CHAPTER § 5.09 When a Claim Arises: Handling of Claims Negotiations

JurisdictionUnited States

§ 5.09 When a Claim Arises: Handling of Claims Negotiations

[1] Reservation of Rights or Denial of Coverage

When an insurer receives notice of a claim or suit against its insured, the insurer typically takes one of the following actions:

(1) agrees to defend and indemnify the policyholder without restriction;
(2) agrees to defend under a reservation of rights to withdraw its defense and deny indemnification after investigating the claim;226 or
(3) denies the claim and refuses to defend or indemnify.227

Additionally, an insurer may bring a declaratory-judgment action to determine its obligations under the insurance policy.

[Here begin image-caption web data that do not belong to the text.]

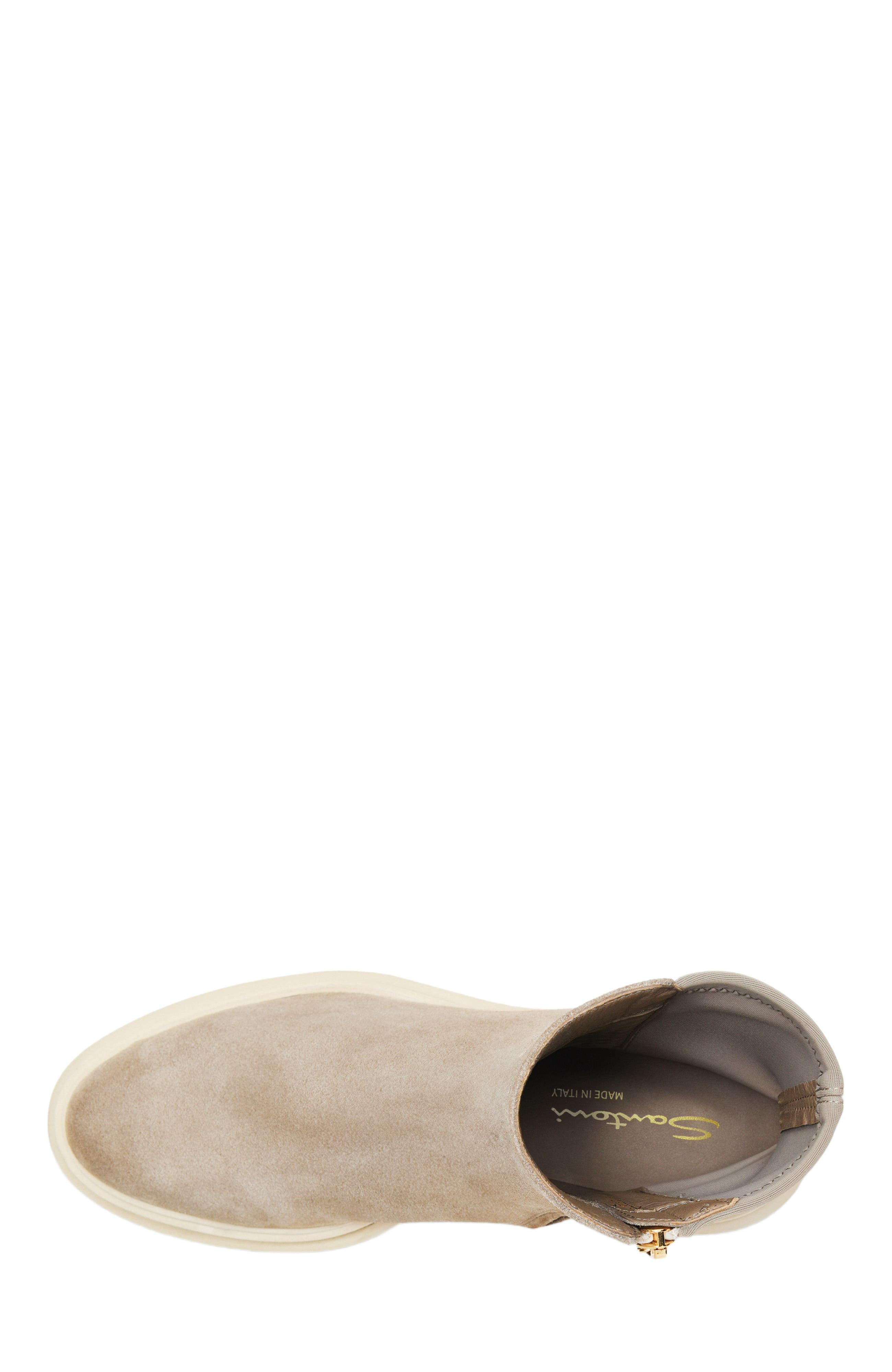 Santoni Women's beige suede ankle boot in Natural at Nordstrom - 7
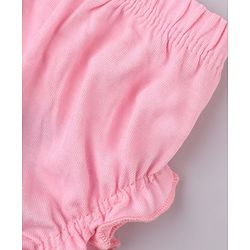 Babyhug Disney Single Jersey Knit Bloomers With Minnie Mouse Graphic Pack of 3- Pink Blue Yelow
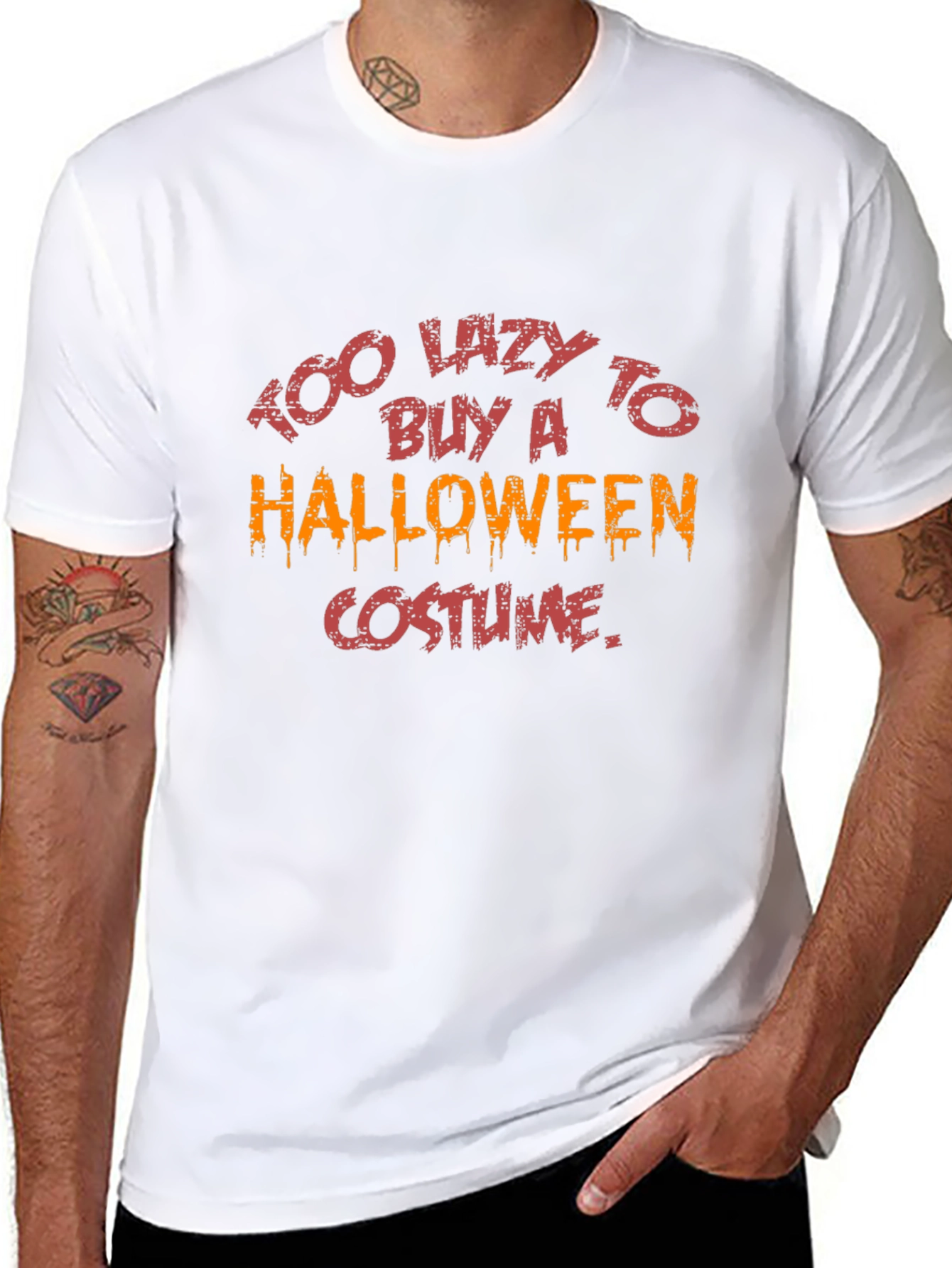 Too Lazy Halloween Costume T-Shirt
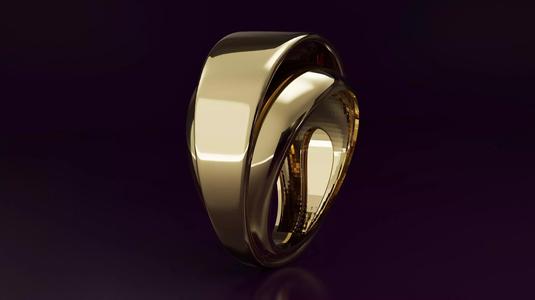 free form ring N25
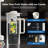 Countertop Reverse Osmosis Water Filter System 8-Stage Purification With Remineralization And TDS & Filter Life Monitor, 3:1 Pure To Drain, WFM3, White-121501448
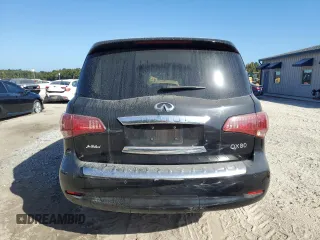 2016 Infiniti QX80 with VIN JN8AZ2NF1G9612303, listed as a Copart auction lot 75698364 with 110,847 mi miles and Salvage Title. Bid and sale history available at carsss.com. Image 6.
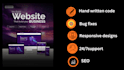 create a modern responsive website using HTML CSS javascript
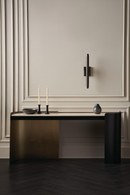 Cream Travertine Modern Desk | Caracole Movement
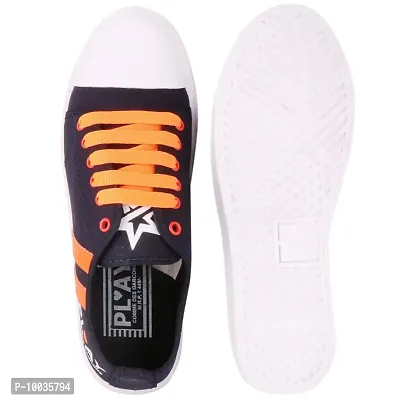 Creations Garg Men PVC Sole Casual Shoes Lastest (Orange_8)-T4 Play Orange_8-thumb2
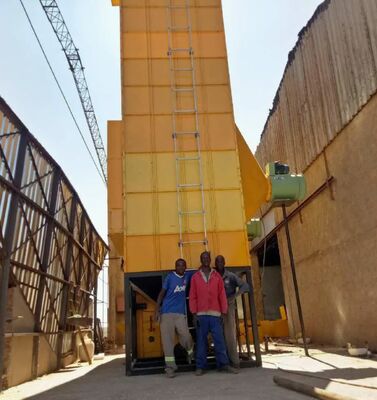 Asciugatura dei cereali semplificata con l'asciugatrice di mais Tempo di scarico di 50-60 minuti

If an insurer chooses to defend the action under a reservation of rights letter or by entering into a non-waiver agreement, three conditions must be met in order for the reservation of rights to be effective: "First, the insurer must communicate the reservation or non-waiver to the insured. Second, the insurer must fairly inform the insured of the insurer's position. Finally, the insurer must give timely notice."228

[2] Cooperation Clause

Many insurance policies contain cooperation clauses which state that the policyholder must "cooperate with [the insurer] in the investigation, settlement or defense of the claim or suit" and may not "voluntarily make any payment, assume any obligation or incur any expense."229 The cooperation clause allows the insurer "to obtain, promptly and while the information is still fresh, 'all knowledge, and all information as to other sources and means of knowledge, in regard to the facts, material to their rights to enable them to decide upon their obligations, and to protect them against false claims.'"230

To prove it acted in compliance with the cooperation clause, courts have required the insurer to show that:

it acted diligently in seeking to bring about the insured's cooperation; that the efforts employed by the insurer were reasonably calculated to obtain the insured's co-operation; and that the attitude of the insured, after his co-operation was sought, was one of "willful and avowed obstruction."231

Although the failure of an insured to cooperate with the insurer with respect to material matters may preclude recovery under the policy, the insured's duty to cooperate is not without limitation.232 For example, if the insured is unavailable or does not want to appear, "the insurer must make reasonable efforts to ensure his appearance before claiming breach by the policyholder."233 Also, after an insurer accepts a third party's settlement offer, the insured's "duty to cooperate does not extend to supervising the implementation of that offer."234 Moreover, the insured has a limited duty to cooperate when the insurer issues a reservation of rights letter (i.e., the insurer will defend, but will not pay damages for insured's intentional causing of injury).235

Due to the potentially adversarial relationship that may arise in this circumstance, an insured should always be careful not to disclose information that would otherwise be protected by the attorney-client privilege or work-product doctrine.236 Likewise, an insured should use caution in presenting any definitive amount of the loss at an early stage in the claims process, as the insurer may subsequently use such information to justify denying the claim.237 After an...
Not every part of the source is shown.